Data607_Final_project Part-1 : Data Extraction

Twitter Analysis for Product launch

Introduction

The project focusses on doing sentimental analysis and some insights on customer reactions on a new product launched recently (say iPhone XS) based on tweets data. Social media is a powerful tool which can be used to analyze the sentiments of people as a whole for any topic. People often voice their opinions in the form of social media posts like Twitter tweets, Facebook posts, etc. As Apple Iphone XS is one of the latest iphones launched by Apple, this project deals with analyzing how people have been reacting to this new phone from the technology giant.

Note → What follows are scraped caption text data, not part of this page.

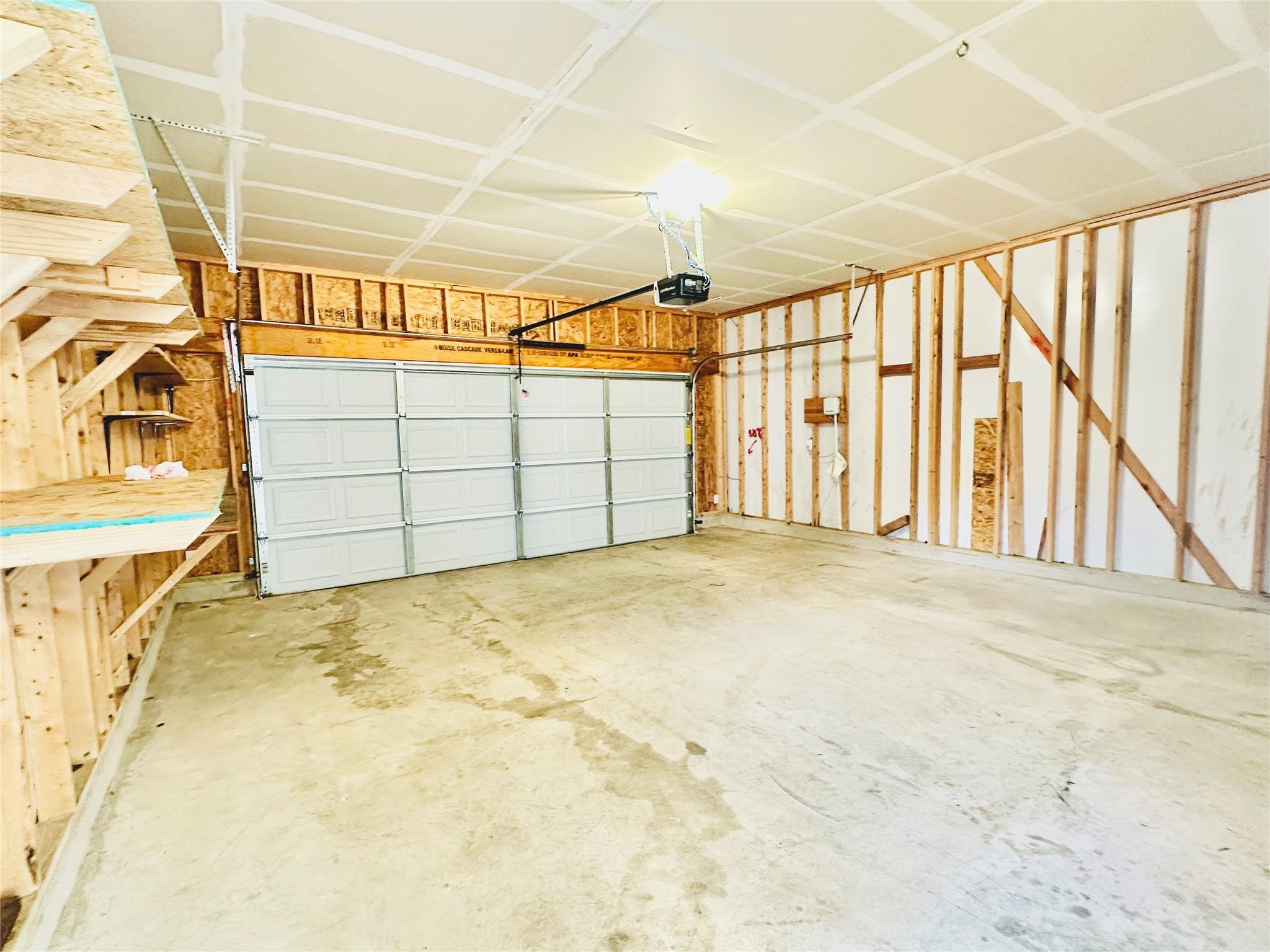 105 Eagle Lake Dr, Hutto, TX 78634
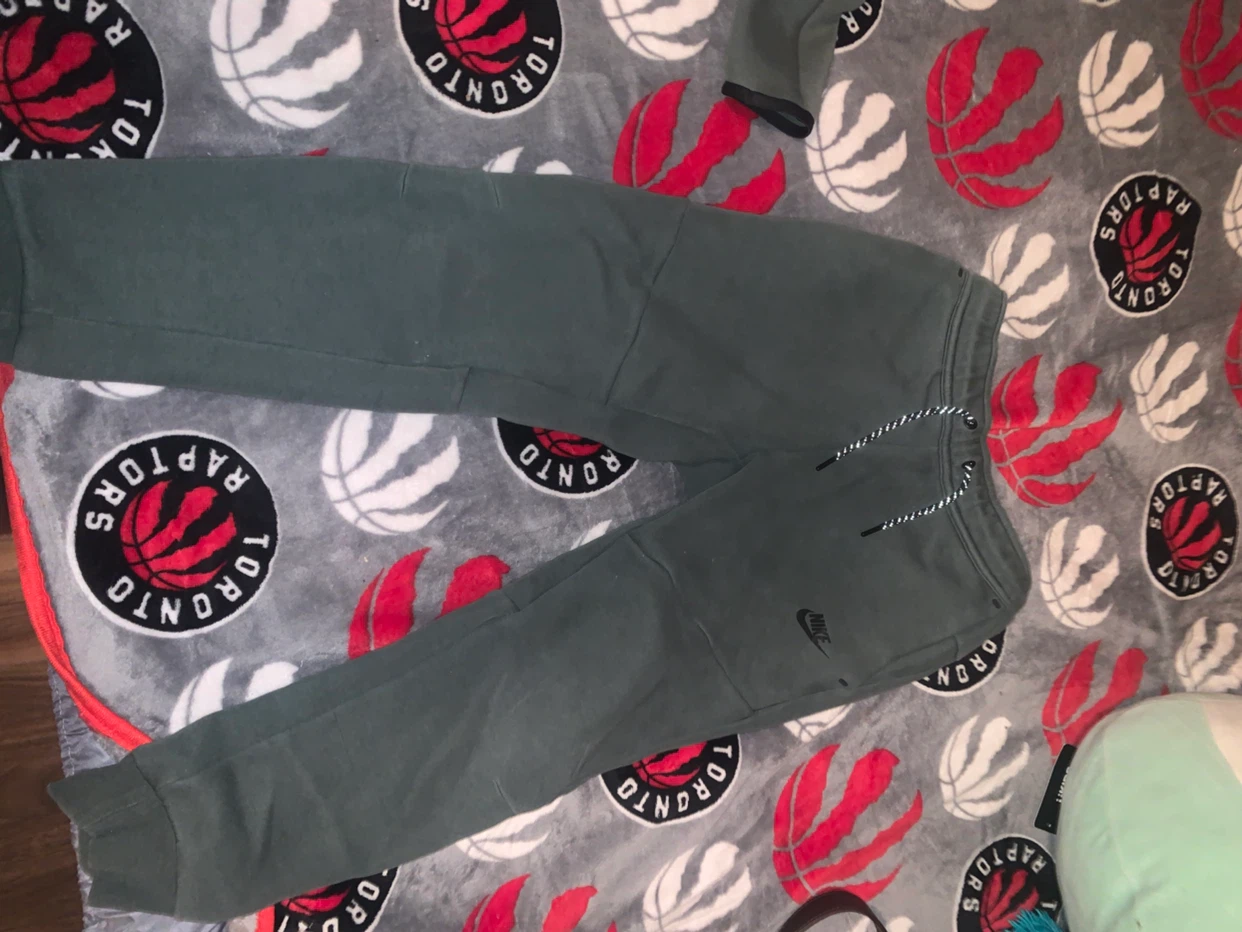Nike Tech Fleece Tracksuit - Grey - Medium/Large - photo 5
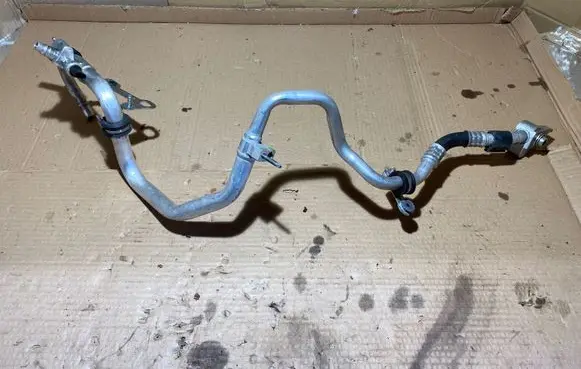Maserati Ghibli Air conditioning (A/C) pipe/hose 670004945 04062E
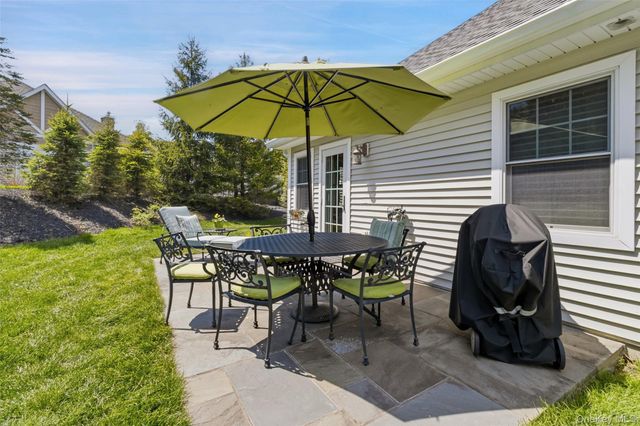 1803 Summerhill Court, Cortlandt Manor, NY 10567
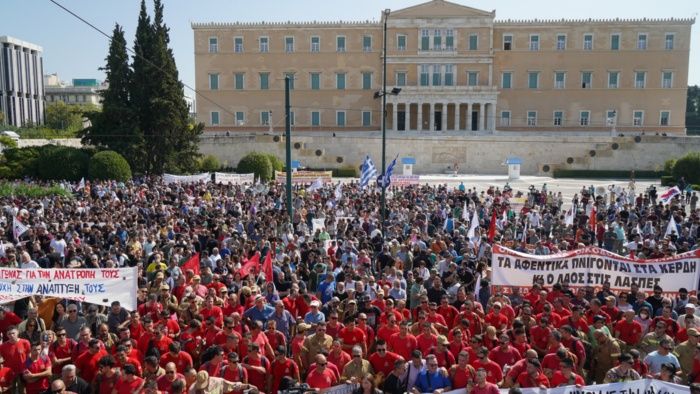 KKE: Trabalhadores gregos realizam greves e manifestações de massas contra lei anti-trabalhadores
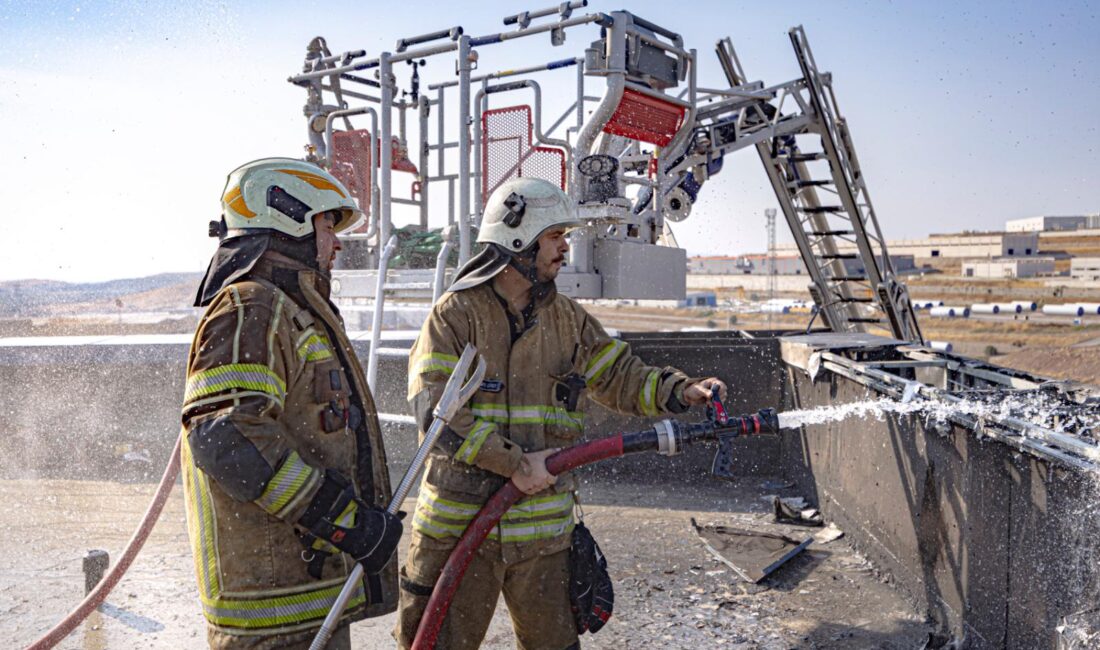Yaz aylarının başından bu yana yangınlarla mücadele eden İzmir Büyükşehir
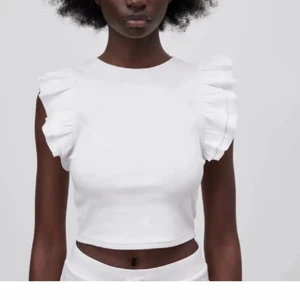 Zara tröja  - Fin somrig Zara tröja utan några fläckar defekter eller liknande. Knappast använd. 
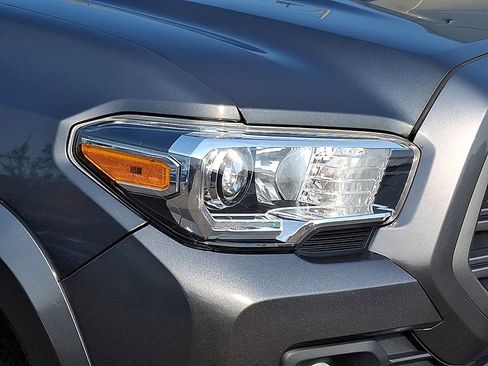 Certified 2023 Toyota Tacoma TRD Sport AWD/4WD image 9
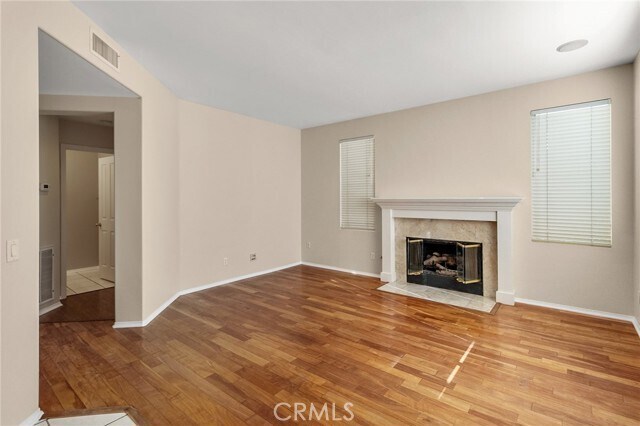 Building Photo - 104 Silver Fox
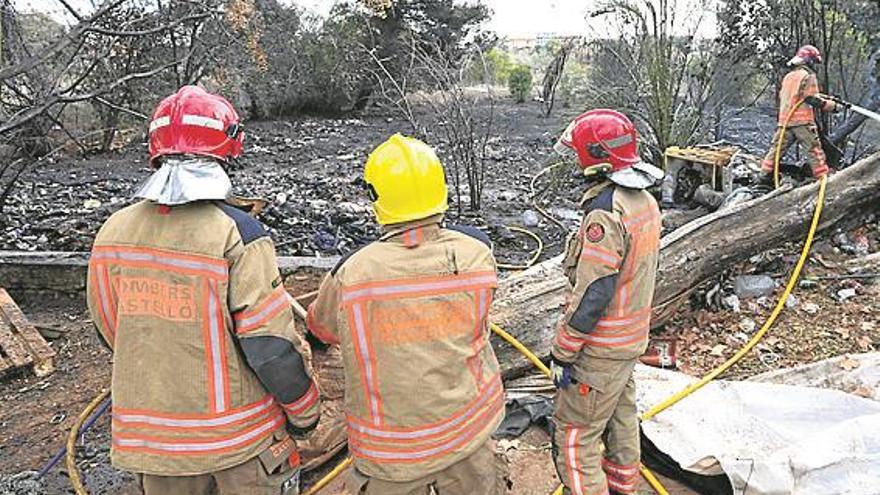Alarma por el denso humo al arder una parcela ‘okupada’ en Castellón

Generally when people add comments which can be open ended as Twitter provides its users to, the data can be quite varied in nature. There can be advertisements, personal opinions, reviews, references and any other form of comment. But when we see all of these as a combined sentiment, we are hoping we get some good insights into how the people have been taking this new product.

This project attempt can also be used as a general project for any new product launch. Though this project might not give the final conclusion of the sentiment as a whole, but it can be a good initial analysis of a new product. Also, it can be used for any other product launch too.

The steps that we followed:

Fetch the “iphone xs” tweets from Twitter using the Twitter API.
Save the raw data in a staging database. We used MongoDB as the staging database platform.
Extract the raw tweets stored in the staging database and extract to a CSV file.
Read the CSV file and clean up the data, and save the cleaned up data in a relational database. We have used MySQL here.
Fetch the data from the relational database.
Perform text mining on the tweets to analyze the general sentiment around this product.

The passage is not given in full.